For the material below, reproduce exactly each line from the one that has "Apartamento en venta" through the one that has "SPECIALIZED PROFESJONALNY DŁUGI", and no others; pictures stay out.

### Data to examine

+ + + +

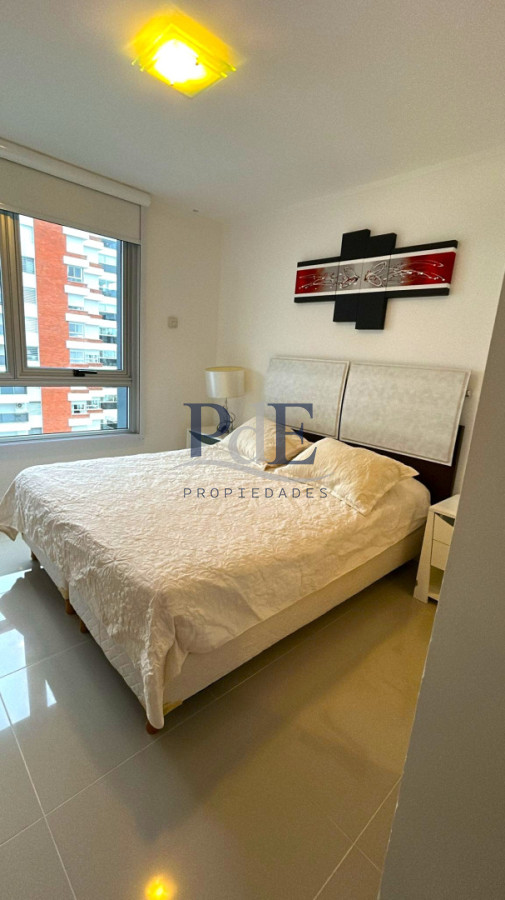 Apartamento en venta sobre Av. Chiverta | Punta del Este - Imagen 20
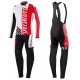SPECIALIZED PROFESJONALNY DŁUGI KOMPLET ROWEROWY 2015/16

+ + + +

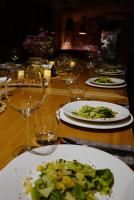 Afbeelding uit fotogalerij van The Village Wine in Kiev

+ + + +

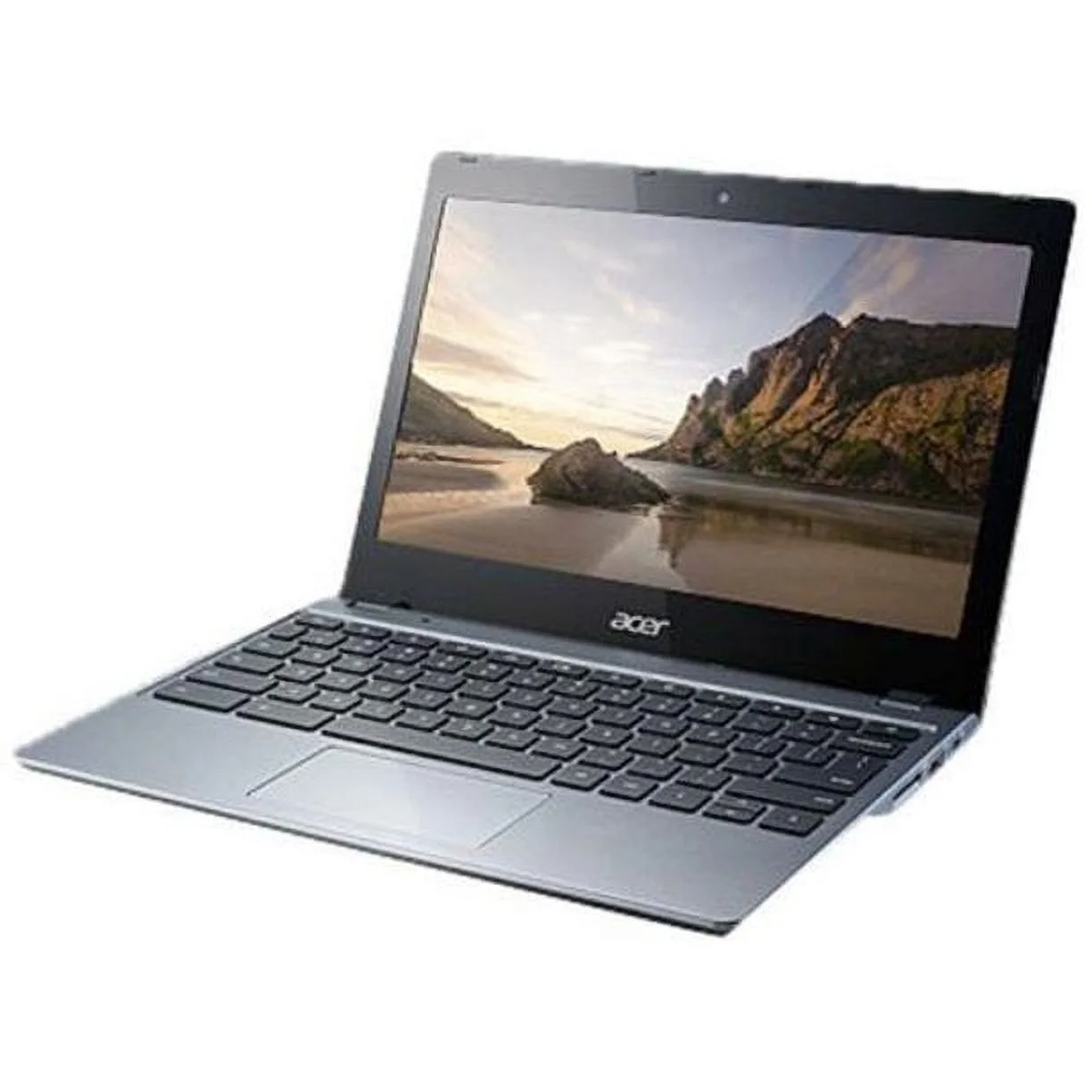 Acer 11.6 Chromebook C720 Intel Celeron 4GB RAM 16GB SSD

+ + + +

### Task answer
 Apartamento en venta sobre Av. Chiverta | Punta del Este - Imagen 20
SPECIALIZED PROFESJONALNY DŁUGI KOMPLET ROWEROWY 2015/16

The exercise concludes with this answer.